━━━━━ Extracted material
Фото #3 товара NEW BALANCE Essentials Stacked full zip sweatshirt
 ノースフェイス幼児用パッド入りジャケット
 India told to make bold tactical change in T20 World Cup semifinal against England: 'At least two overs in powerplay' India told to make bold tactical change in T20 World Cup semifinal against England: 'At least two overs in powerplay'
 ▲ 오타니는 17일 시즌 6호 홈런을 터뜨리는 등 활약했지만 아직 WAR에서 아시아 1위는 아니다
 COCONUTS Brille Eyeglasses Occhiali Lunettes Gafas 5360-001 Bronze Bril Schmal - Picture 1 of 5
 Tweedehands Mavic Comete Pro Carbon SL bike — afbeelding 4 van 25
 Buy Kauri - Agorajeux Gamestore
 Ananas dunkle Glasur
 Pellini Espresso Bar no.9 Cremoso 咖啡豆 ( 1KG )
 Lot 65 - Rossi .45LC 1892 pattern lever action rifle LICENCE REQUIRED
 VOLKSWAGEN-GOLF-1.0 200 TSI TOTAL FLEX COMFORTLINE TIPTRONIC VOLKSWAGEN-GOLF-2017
━━━━━━━━━━
At the line with "COCONUTS Brille Eyeglasses", begin reproducing the material above exactly, and continue through its last line.

=== Exercise output ===
 COCONUTS Brille Eyeglasses Occhiali Lunettes Gafas 5360-001 Bronze Bril Schmal - Picture 1 of 5
 Tweedehands Mavic Comete Pro Carbon SL bike — afbeelding 4 van 25
 Buy Kauri - Agorajeux Gamestore
 Ananas dunkle Glasur
 Pellini Espresso Bar no.9 Cremoso 咖啡豆 ( 1KG )
 Lot 65 - Rossi .45LC 1892 pattern lever action rifle LICENCE REQUIRED
 VOLKSWAGEN-GOLF-1.0 200 TSI TOTAL FLEX COMFORTLINE TIPTRONIC VOLKSWAGEN-GOLF-2017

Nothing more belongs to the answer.